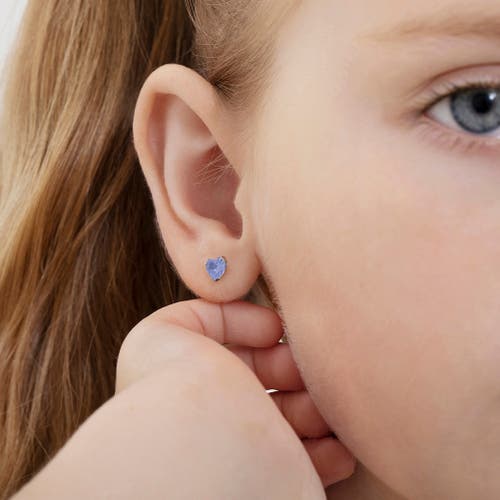 In Season Jewelry 14k Tiny Cubic Zirconia Heart Earrings In June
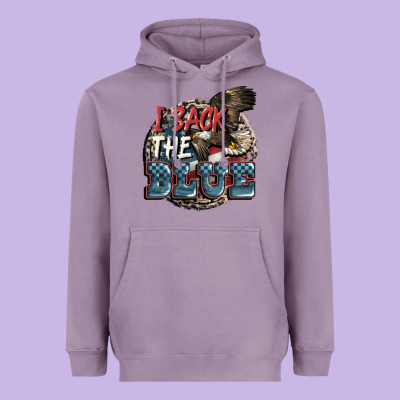 I Back The Blue Heavyweight Hoodie Designed By Fadigitalartstudio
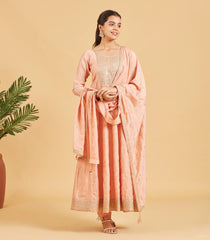 Peach Fuzz Anarkali Set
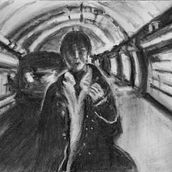 Mon 1er projet fusain. Drawing, Sketchbook, and Sketching project by Nicole Laude Michoud - 10.05.2024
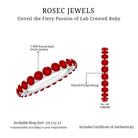 Rosec Jewels-Shared Prong Set Round Created Ruby Full Eternity Band Ring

------------------------------------

§ **Your assignment**:
Output all the records above exactly, but without their images.

§ **Response to this task**:
 In Season Jewelry 14k Tiny Cubic Zirconia Heart Earrings In June
 I Back The Blue Heavyweight Hoodie Designed By Fadigitalartstudio
 Peach Fuzz Anarkali Set
 Mon 1er projet fusain. Drawing, Sketchbook, and Sketching project by Nicole Laude Michoud - 10.05.2024
 Rosec Jewels-Shared Prong Set Round Created Ruby Full Eternity Band Ring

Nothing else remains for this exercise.